2011 Loudoun Laurels Stewardship Award Recipient

I am truly a product of Loudoun County, and of Leesburg. I was born and raised on Loudoun Street in Leesburg, and some of my siblings still live in that house built over one hundred years ago by my grandfather. It was always instilled in me by my parents, grandparents and elders that we are all somebody, regardless of circumstance; they never let me forget that we all have something to give and should always try to do something in our community to serve and promote others.

Loudoun County has given me the opportunity to do just that.

I left Leesburg for a short while to serve in the United States Navy, and when I returned from serving my country I married my high school sweetheart and moved to Middleburg.

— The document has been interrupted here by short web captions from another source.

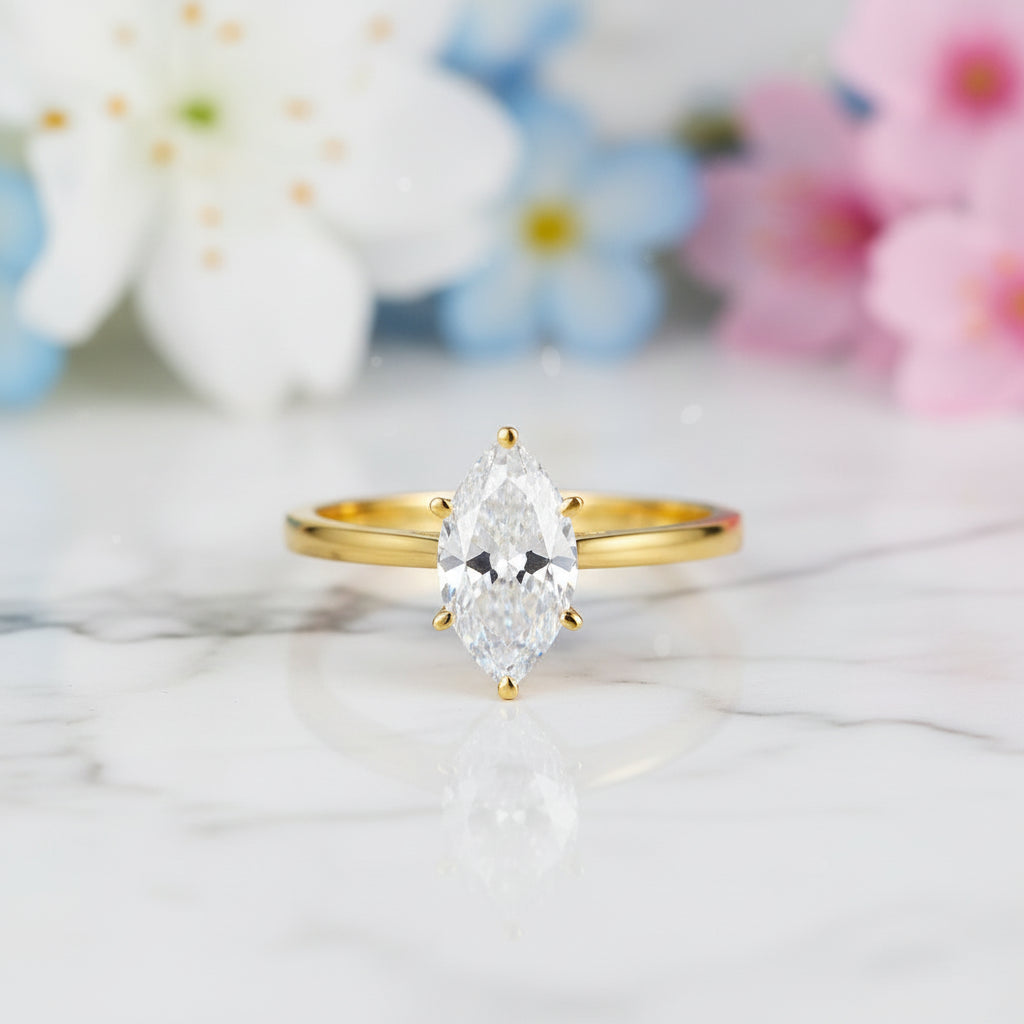 European Oval Design 1 Carat Moissanite Diamond Ring set in 18K Gold Plated 925 Silver (GRA)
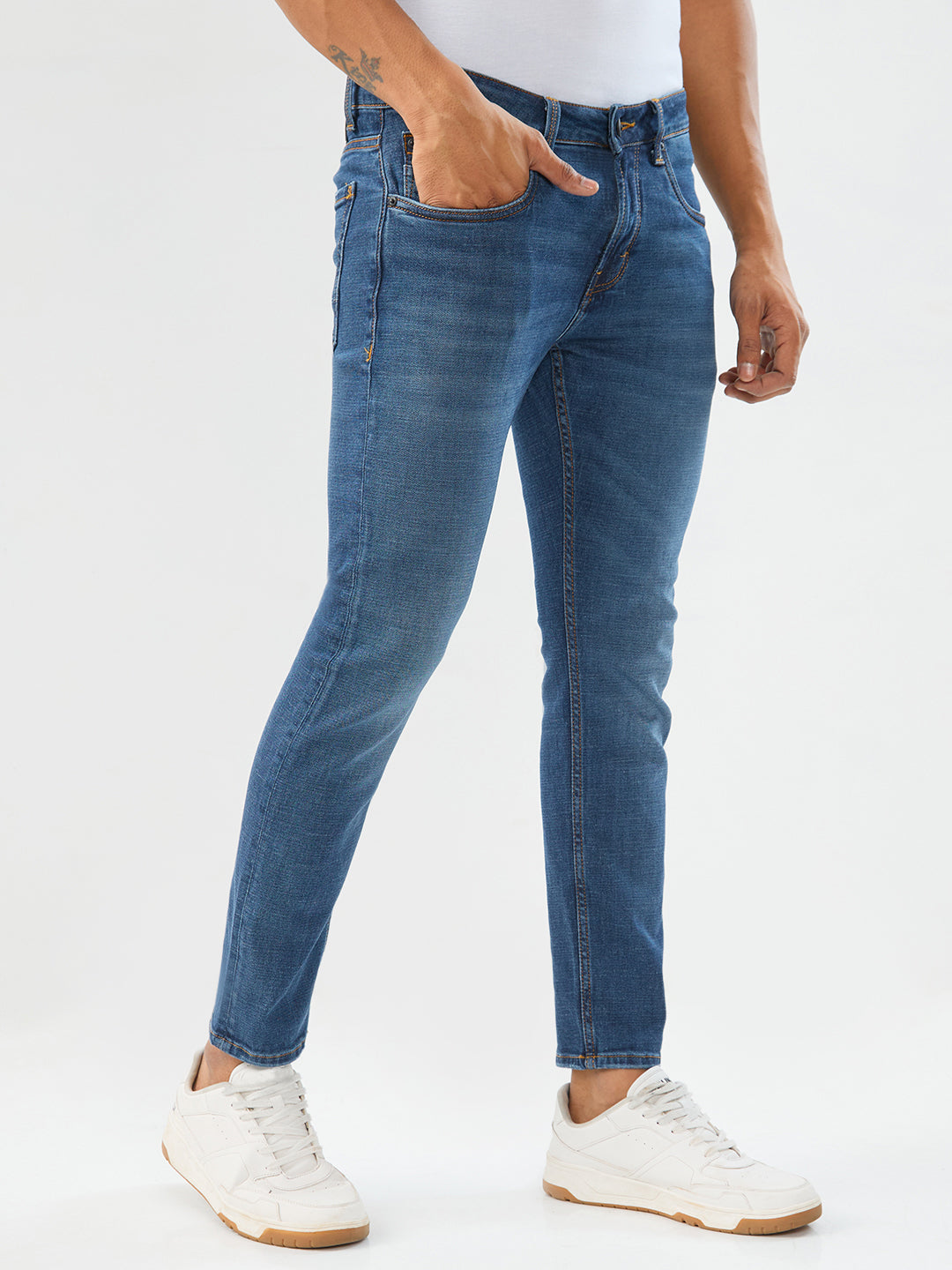 Spykar Dark Blue Slim Fit Mid Rise Jeans For Men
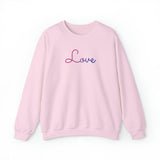 Bisexual Love Script Sweatshirt: Subtly Elegant Pride Sweater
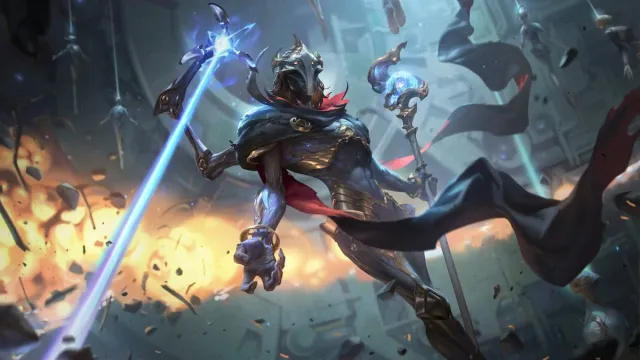 Viktor wielding glowing blue blade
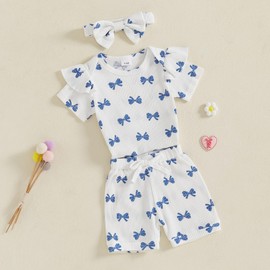 Baby Girl Summer Outfit Bow Print Ruffle Short Sleeve Romper Tops Shorts Headband Ribbed Knitted 3Pcs Clothes Set (White Bows, 3-6 Months)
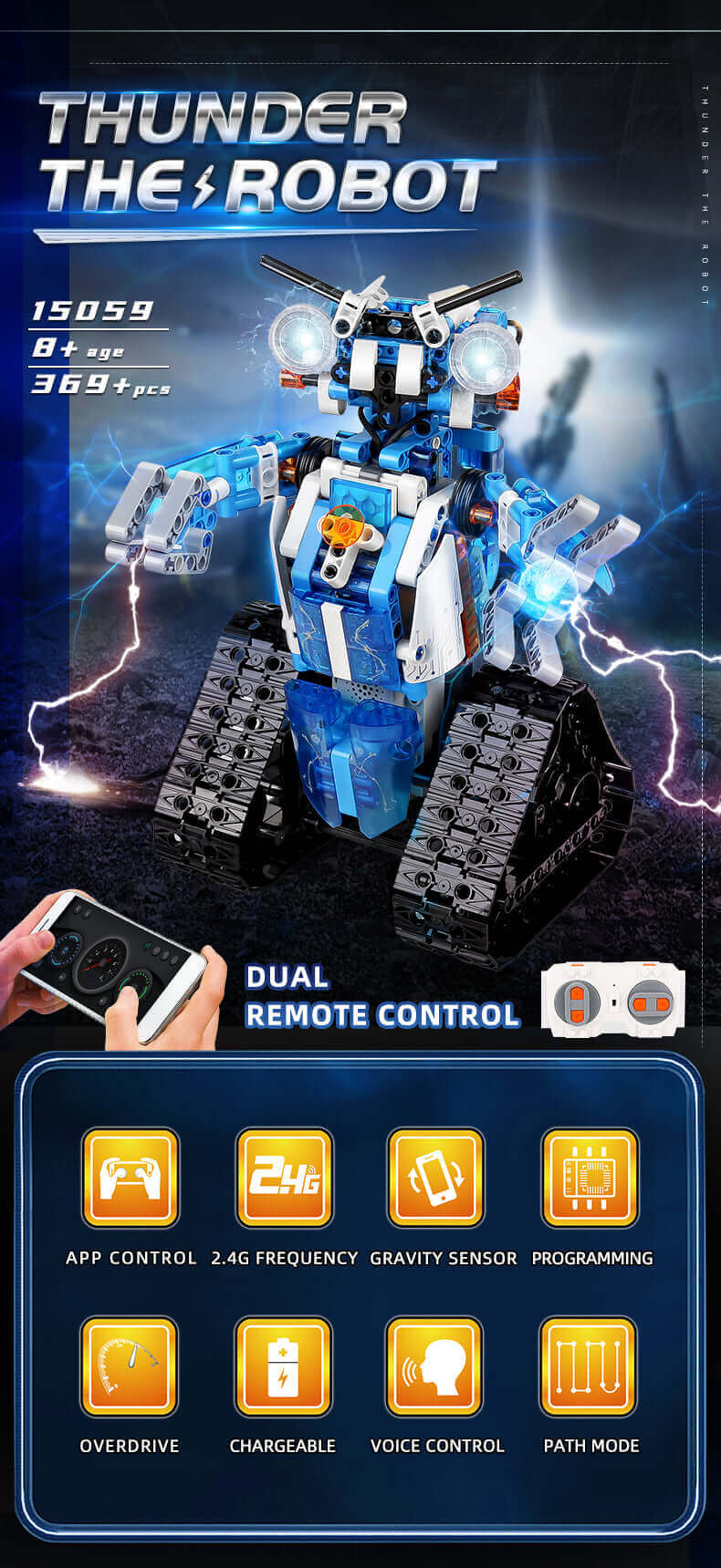 Robot télécommandé Mould King 15059 - LED, blocs de construction motorisés, jouet intelligent à offrir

In Middleburg, I had the honor and privilege of serving in a variety of positions that allowed me to practice what I’d been taught as a child. I served on the Town Council as chair of the Zoning Appeals Board and chair of the Trees and Street Commission. I was the first minority to serve on the Middleburg Fire Department, and also became an Emergency Medical Technician (EMT). I was honored to be named “Fireman of the Year” in 1978.

For 19 years I was the Scoutmaster of the area’s first African-American Boy Scout troop; quickly, that troop grew into Loudoun’s first integrated troop. I was awarded many honors and recognitions in my service as Scoutmaster, including Woodbadge and the Silver Beaver. Afterwards, I continued to serve the Scouts, taking on leadership roles with both the Explorer Post and the Cub Scouts. My service continued for 40 years.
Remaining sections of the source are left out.